◆ **EXERCISE DIRECTIONS**: Please copy the lines below, exactly as they are, from the one with "Mountains Sunset Wall Wallpaper" through the one with "Winterfrauen solide Weste", and leave out the pictures.

◆ **SUPPLIED MATERIAL**:
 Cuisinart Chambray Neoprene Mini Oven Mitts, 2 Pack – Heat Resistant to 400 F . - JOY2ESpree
---
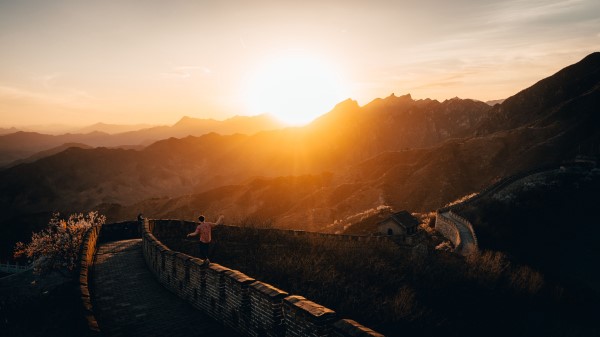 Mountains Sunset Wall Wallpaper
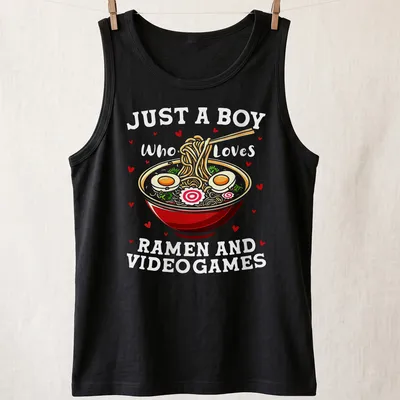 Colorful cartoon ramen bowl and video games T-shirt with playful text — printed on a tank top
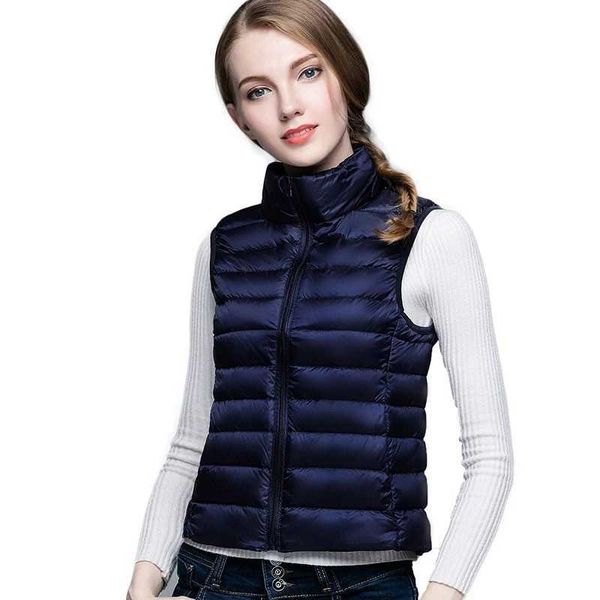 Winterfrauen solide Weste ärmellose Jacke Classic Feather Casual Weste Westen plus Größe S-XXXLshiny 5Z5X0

◆ **ANSWER TO THIS TASK**:
 Mountains Sunset Wall Wallpaper
 Colorful cartoon ramen bowl and video games T-shirt with playful text — printed on a tank top
 Winterfrauen solide Weste ärmellose Jacke Classic Feather Casual Weste Westen plus Größe S-XXXLshiny 5Z5X0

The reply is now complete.